Sir Andrew Huxley, Nobel laureate, master of Trinity Cambridge and president of the Royal Society, was one of the great scientific minds of the twentieth century. His breadth of knowledge and eye for designing specialist equipment helped pioneer research into nerve function.
Despite being a grandson of Thomas Henry Huxley, a champion of Charles Darwin, Huxley did not think it was inevitable he would always become a biologist.
From a young age Huxley showed a keen interest in scientific tools, particularly the microscope, his interest in design and assembly would continue to be a theme in his career. After studying at University College School and Westminster, Huxley went on to read natural sciences at Trinity College in Cambridge and by chance ended up focussing on physiology.

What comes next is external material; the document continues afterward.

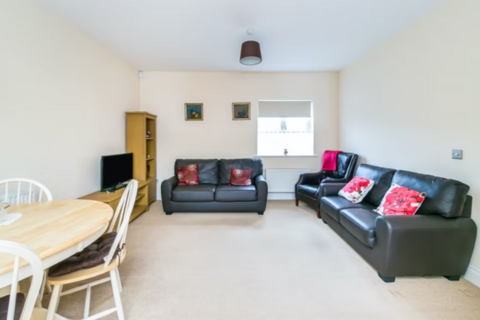 2 bedroom apartment to rent, Tekram Close, Edenbridge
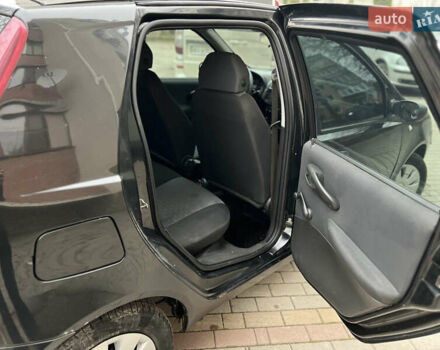 Черный Фиат Пунто, объемом двигателя 1.2 л и пробегом 182 тыс. км за 2299 $, фото 8 на Automoto.ua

I had to do a third science, as well as the obvious subjects of maths, physics and chemistry. A chum of mine a few years older told me that physiology was a most vital subject and I would be learning things that were still controversial
After graduating, Huxley went on to work with Alan Hodgkin at the Marine Biological Association in Plymouth. Here they worked on the transmission of signals along neurons, utilising the size of the Atlantic squid to study these electrical impulses. Shortly after publishing a paper in Nature, their work was interrupted by World War II.
In 1946, Hodgkin and Huxley returned to Plymouth to continue their research into action potentials. Huxley’s ability to solve problems and skills in design meant that he was able to produce several unique pieces of equipment that allowed them to study the transmission of nerve impulses. The mathematical theory and detail that their work uncovered was completed in 1952 and published in a series of 5 papers. This ground breaking work resulted in Huxley sharing the Nobel Prize with Hodgkin and Eccles in 1963 for their discoveries concerning the ionic mechanisms involved in excitation and inhibition in the peripheral and central portions of the nerve cell membranes.
Huxley was editor of the Journal of Physiology from 1950 to 1956, and editor of the Journal of Molecular Biology. He was president of the Royal Society from 1980 to 1985 and was master of Trinity from 1984 to 1990, remaining a fellow of the College until his death.